Der durchaus unterschiedlichen Form der Erstpublikation (teils in Tageszeitungen und Pressediensten, teils in wissenschaftlichen Zeitschriften) entspricht der ebenso unterschiedliche Stil der Einzelbeiträge: Knappen politischen Stellungnahmen (etwa: "Frauenordination: Für Aufregung ist es jetzt zu spät", 79 ff.; "Rüpel in die Schranken weisen", 191 ff. - zu Vorschlägen zur Abschaffung der Strafbarkeit der Gotteslästerung) stehen eingehend begründete Stellungnahmen gegenüber (etwa "Das Kirchenverständnis im evangelischen Kirchenrecht", 28ff.; "Wandel des Staatsverständnisses aus evangelischer Sicht", 111ff.; "Grundwerte in Staat und Gesellschaft", 145 ff.).

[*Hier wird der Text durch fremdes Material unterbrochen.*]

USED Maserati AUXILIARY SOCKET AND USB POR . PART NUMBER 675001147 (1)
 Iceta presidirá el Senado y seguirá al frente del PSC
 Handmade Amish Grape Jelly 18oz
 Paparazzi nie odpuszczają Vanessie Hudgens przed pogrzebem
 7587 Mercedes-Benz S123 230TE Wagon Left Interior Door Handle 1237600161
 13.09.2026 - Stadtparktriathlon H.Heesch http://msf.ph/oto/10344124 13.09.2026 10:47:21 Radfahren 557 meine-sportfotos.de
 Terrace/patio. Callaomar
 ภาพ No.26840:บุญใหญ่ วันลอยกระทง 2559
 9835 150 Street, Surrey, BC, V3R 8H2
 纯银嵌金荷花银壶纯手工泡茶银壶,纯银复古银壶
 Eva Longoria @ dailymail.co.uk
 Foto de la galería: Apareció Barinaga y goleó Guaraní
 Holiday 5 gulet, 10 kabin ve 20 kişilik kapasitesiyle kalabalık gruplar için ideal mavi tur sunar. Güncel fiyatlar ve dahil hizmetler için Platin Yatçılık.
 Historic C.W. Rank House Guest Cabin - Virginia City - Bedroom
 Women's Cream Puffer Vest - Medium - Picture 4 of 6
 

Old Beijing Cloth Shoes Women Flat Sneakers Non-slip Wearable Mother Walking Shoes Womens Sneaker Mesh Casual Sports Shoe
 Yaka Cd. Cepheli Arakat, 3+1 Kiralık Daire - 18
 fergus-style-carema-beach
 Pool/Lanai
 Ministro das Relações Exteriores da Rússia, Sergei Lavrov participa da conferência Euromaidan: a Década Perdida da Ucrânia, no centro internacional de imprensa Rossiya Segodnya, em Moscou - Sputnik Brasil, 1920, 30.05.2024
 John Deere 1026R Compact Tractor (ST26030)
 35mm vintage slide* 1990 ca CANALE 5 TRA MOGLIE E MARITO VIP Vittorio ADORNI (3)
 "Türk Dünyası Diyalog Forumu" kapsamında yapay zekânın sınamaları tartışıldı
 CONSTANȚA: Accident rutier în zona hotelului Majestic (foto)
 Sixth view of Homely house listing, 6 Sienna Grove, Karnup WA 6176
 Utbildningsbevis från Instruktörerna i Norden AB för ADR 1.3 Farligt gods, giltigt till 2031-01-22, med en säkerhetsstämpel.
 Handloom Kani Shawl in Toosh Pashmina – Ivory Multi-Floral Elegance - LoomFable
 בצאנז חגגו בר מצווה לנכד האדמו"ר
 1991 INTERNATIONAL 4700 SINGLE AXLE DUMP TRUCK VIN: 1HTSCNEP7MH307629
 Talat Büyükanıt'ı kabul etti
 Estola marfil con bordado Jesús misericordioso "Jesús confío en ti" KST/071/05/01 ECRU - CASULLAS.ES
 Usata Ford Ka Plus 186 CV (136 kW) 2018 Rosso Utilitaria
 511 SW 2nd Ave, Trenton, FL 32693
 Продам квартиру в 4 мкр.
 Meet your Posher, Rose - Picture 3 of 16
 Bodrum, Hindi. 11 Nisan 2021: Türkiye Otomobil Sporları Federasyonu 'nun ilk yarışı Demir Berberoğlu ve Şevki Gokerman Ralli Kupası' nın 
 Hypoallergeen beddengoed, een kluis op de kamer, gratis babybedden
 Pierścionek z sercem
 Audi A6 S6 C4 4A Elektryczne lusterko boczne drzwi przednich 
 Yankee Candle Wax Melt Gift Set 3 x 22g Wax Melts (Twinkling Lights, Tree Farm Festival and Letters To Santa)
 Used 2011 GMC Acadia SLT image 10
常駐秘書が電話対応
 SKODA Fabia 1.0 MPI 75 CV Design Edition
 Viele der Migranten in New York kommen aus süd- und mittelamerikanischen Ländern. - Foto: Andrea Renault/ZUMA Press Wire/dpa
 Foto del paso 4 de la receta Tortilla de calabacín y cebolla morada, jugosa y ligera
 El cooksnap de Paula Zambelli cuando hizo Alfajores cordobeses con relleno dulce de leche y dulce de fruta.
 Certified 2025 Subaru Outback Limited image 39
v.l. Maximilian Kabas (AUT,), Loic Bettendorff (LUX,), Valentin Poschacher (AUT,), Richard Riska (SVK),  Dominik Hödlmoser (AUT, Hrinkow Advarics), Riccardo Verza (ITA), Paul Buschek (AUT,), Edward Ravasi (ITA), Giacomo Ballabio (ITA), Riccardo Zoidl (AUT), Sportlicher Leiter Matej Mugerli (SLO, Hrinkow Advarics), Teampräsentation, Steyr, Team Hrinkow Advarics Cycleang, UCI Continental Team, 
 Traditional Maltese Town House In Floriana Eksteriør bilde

In diesem Zusammenhang sei nicht verschwiegen, daß der Band eine ganze Reihe von Arbeiten enthält, die durchaus "im strengen Sinne" als "Beiträge zur wissenschaftlichen Diskussion" angesehen werden könnten (und damit nach der zitierten Abgrenzung im Vorwort der "Gesammelten Schriften" auch in diesen Band gepaßt hätten):

Genannt seien etwa die Aufsätze "Codex iuris canoni 1983. Bemerkungen aus evangelischer kirchenrechtlicher Sicht" (45 ff.), "Menschenrechte im Verständnis der Kirchen" (96 ff.), "Die kirchlichen Stiftungen in Vergangenheit und Gegenwart" (229 ff.) sowie die bereits erwähnte Besprechung der Kruzifix-Entscheidung des BVerfG (324 ff.). Thematisch ist der Band sehr breit gefächert: Das zeigen neben den bereits erwähnten Beiträgen Aufsatztitel wie "Grenzen der Gestaltungsfreiheit. Gutachterliche Bemerkungen zu einigen Fragen des ’Jus liturgicum’ im Bereich der Evangelisch-lutherischen Landeskirche Hannovers" (13 ff.), "Volkskirche heute - eine Chance für Bekenntnis und Verantwortung. Überlegungen zur Situation der evangelischen Kirche in Deutschland nach der Wende" (126 ff.), "Rechtsbewußtsein und schulischer Erziehungsauftrag" (160 ff.), "Staat, Kirche und Gesellschaft bei Gustav W. Heinemann" (204 ff.), "Religionsfreiheit ist unteilbar. Zu einer Entschließung des europäischen Parlaments" (269 ff.) sowie "Staats- und kirchenrechtliche Aspekte der Einführung des islamischen Religionsunterrichts an deutschen Schulen" (273 ff.).

Bei allen Unterschieden im einzelnen ist allen Beiträgen des Bandes eines gemeinsam: der frische, zupackende Stil des Autors und seine Bereitschaft zu klaren Stellungnahmen, wo ihm die Verbindlichkeit der Botschaft der Kirche und ihrer Ordnungen gefährdet erscheint. Titel wie "Für den vertrauten Gottesdienst. Experimente und Neuerungen nur in Maßen" (41 ff.), "Keine Wahrheitsmehrheit. Ein Synodenbeschluß gibt zu denken" (82 ff.), "Erosion des Staatskirchenrechts? Aktuelle Probleme der Volkskirche heute" (260 ff.) sowie "Rechtzeitig das Bewährte sichern. Zum Staat-Kirche Verhältnis im künftigen Europa" machen die Richtung dieser Stellungnahmen deutlich.